In “Inshallah a Boy,” Nawal, a mother and a housewife, is grieving the death of her husband when she discovers she might also lose her home. All because of the inheritance law, stating that if she doesn’t have a son, her husband’s family can claim most of the inheritance.

“It’s the house that she bought, with her own money. These laws were created so long ago and they simply do not apply anymore,” added director Amjad Al Rasheed, with Nasser pointing out that many women are actively trying to change it.

“If, God forbid, my father was to pass away, my brother would inherit twice as much. Religious people argue it’s because a man is responsible for a family. But we are women and we are working now, and we are supporting our kids.”

Upcoming drama was also awarded by El Gouna Film Festival and Festival International de Films de Fribourg, as well as supported by Oticons, which will allow it to collaborate with the composers represented by the company.

Karim Bensalah’s “Black Light,” about an Algerian student living in France and facing deportation, was noticed too. Sold by The Party Film Sales and produced by Oualid Baha for Tact Production, it scored awards from Laser Film, offering € 15,000 for the color correction, MAD Solutions, Sub-Ti Ltd. and Sub-Ti Access Srl, Rai Cinema and the Red Sea Fund.

Thierno Souleymane Diallo’s documentary “The Cemetery of Cinema” (France, Senegal, Guinea) picked up multiple awards as well, courtesy of the Cinémathèque Afrique of the Institut Français, the Organisation Internationale de la Francophonie (OIF), Festival International du Film d’Amiens and, finally, Eye on Films.

“My family was convinced I was wasting my time by focusing on cinema. Then I found out there was this film, the first ever in Guinea, and nobody knew anything about it. I needed to find out if it was real,” said the director, referring to “Mouramani” by Mamadou Touré and the search that followed.

“‘The Cemetery of Cinema’ is a film about me, but also about my country and maybe the history of cinema in general.”

While Beirut-centered story “Suspended” by Myriam El Hajj – produced by Myriam Sassine (Abbout Productions) and Carine Ruszniewski (Go Go Go Films) – will be supported by Mactari Mixing Auditorium and Titra Film, documentary “Land of Women” also got some attention, with Oticons and MAD Solutions deciding to join forces and collaborate with the filmmakers.

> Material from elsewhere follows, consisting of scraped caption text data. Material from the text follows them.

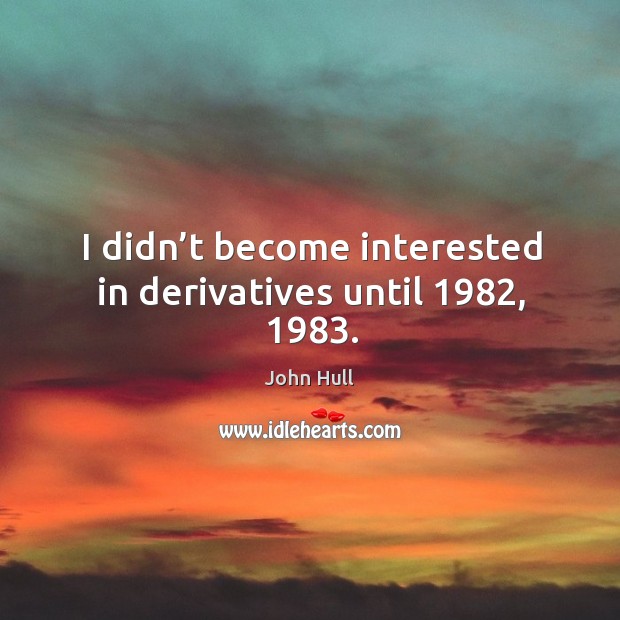 I didn’t become interested in derivatives until 1982, 1983. John Hull Picture Quote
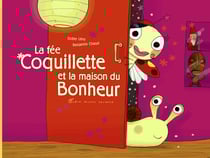 La Fée coquillette et la maison du bonheur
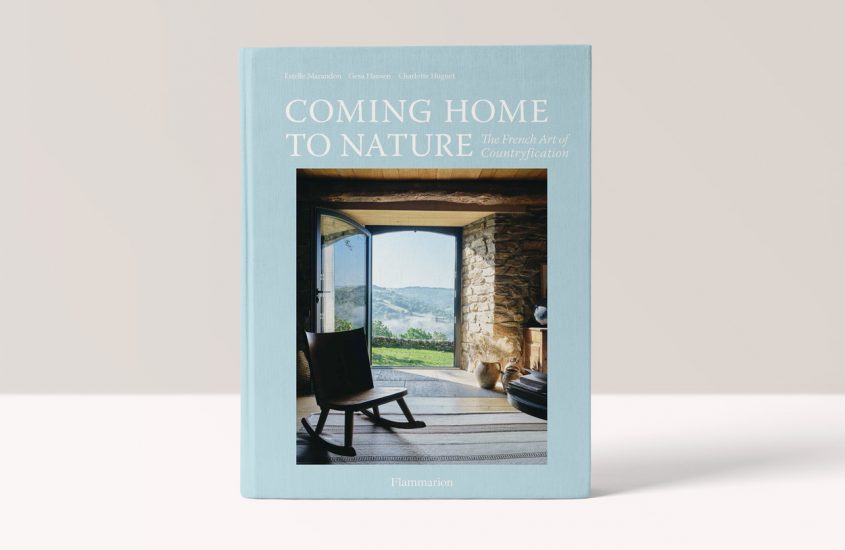 Coming Home to Nature: The French Art of Countryfication – Gesa Hansen,  Charlotte Huguet,  Estelle Marandon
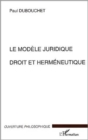 LE MODELE JURIDIQUE DEROIT ET HERMENEUTIQUE - eBook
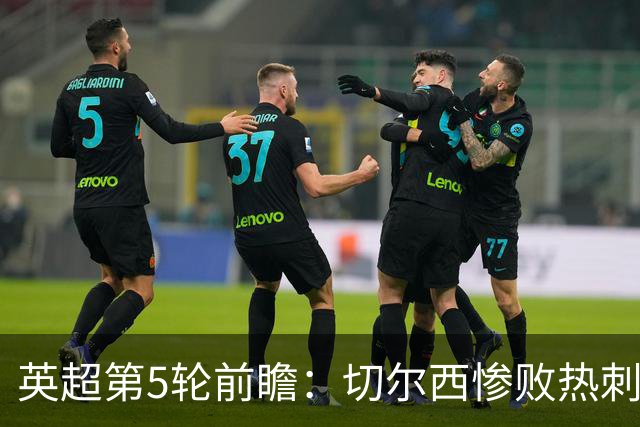 英超第5轮前瞻：切尔西惨败热刺哑火，枪手阿森纳稳了？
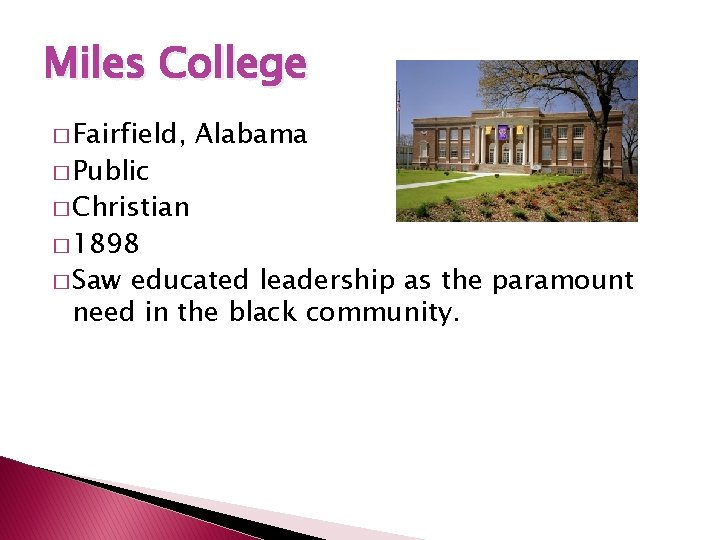 Miles College � Fairfield, � Public Alabama � Christian � 1898 � Saw educated
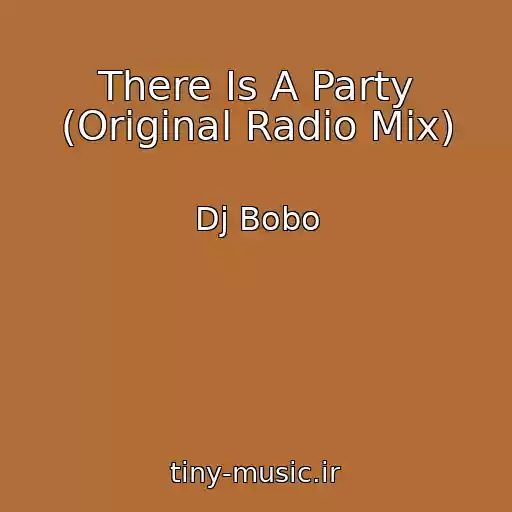 کاور آهنگ There Is A Party (Original Radio Mix) از Dj Bobo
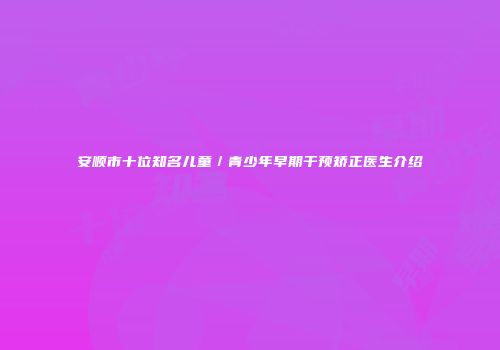安顺市十位知名儿童／青少年早期干预矫正医生介绍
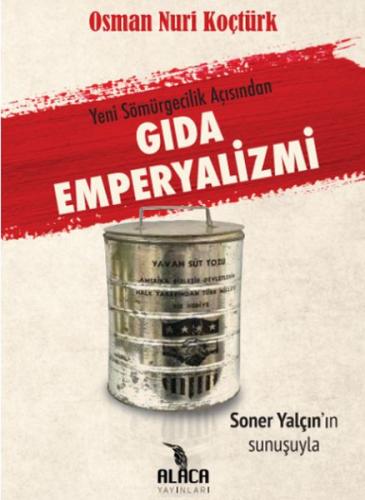 Gıda Emperyalizmi - Yeni Sömürgecilik Açısından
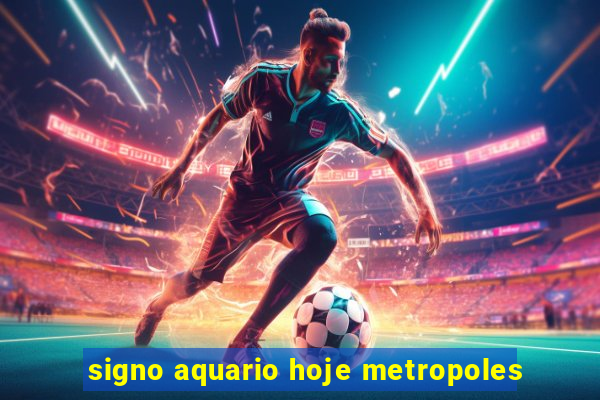 signo aquario hoje metropoles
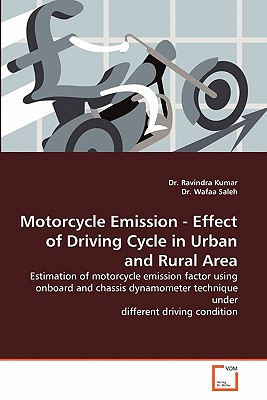 Motorcycle Emission - Effect of Driving Cycle in Urban and Rural Area - Kumar, Ravindra, Dr., and Wafaa Saleh, Dr.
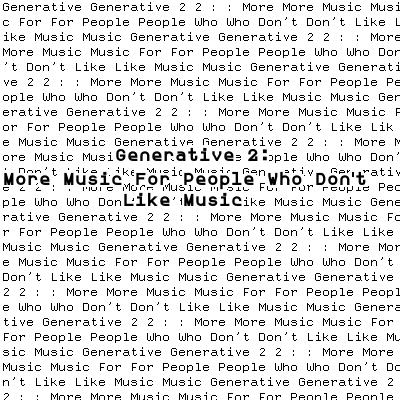 Generative 2: More Music for People Who Don't Like Music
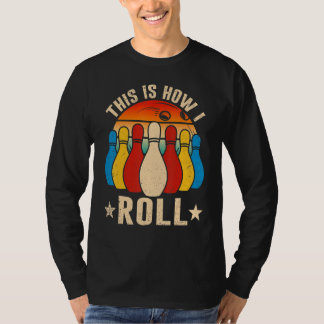 Camiseta Retro Bowling Bowler   This Is How I Roll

Directed by Nada Riyadh and Ayman El Amir, it sees a group of girls who form an all-female street theater troupe – a rather unusual sight in their ultra-conservative Egyptian village. The film is produced by Felucca Films, with Dolce Vita Films and Magma Films co-producing.

“We worked with many feminist organizations, ones that support women in arts and marginalized communities, and we first met these girls in 2016,” stated Riyadh.

“Others wanted to make films about them before, but they refused. They are an opinionated, cool bunch. But they got curious about the camera. For them, it was a new toy to play with.”

“Their performances were very courageous. This story asks questions that are important to us as well: ‘Can we preserve our freedom?’,” added Ayman El Amir. The film’s release will be accompanied by an impact campaign, he said.

“They want to build a theater there. We want to help them pursue at least some part of their dreams.”

“It has been 10 years, but the financial situation of many films from these countries haven’t really changed. Maybe it even got worse, also because of the pandemic,” summed up Final Cut curator Alessandra Speciale, noting the event’s crucial role.

“They still need this kind of support, also because in so many cases, they don’t have access to professional post-production services. We want to help them, but not just because they come from African and Arab countries. We want to help them because they are important, ‘auteur’ films.”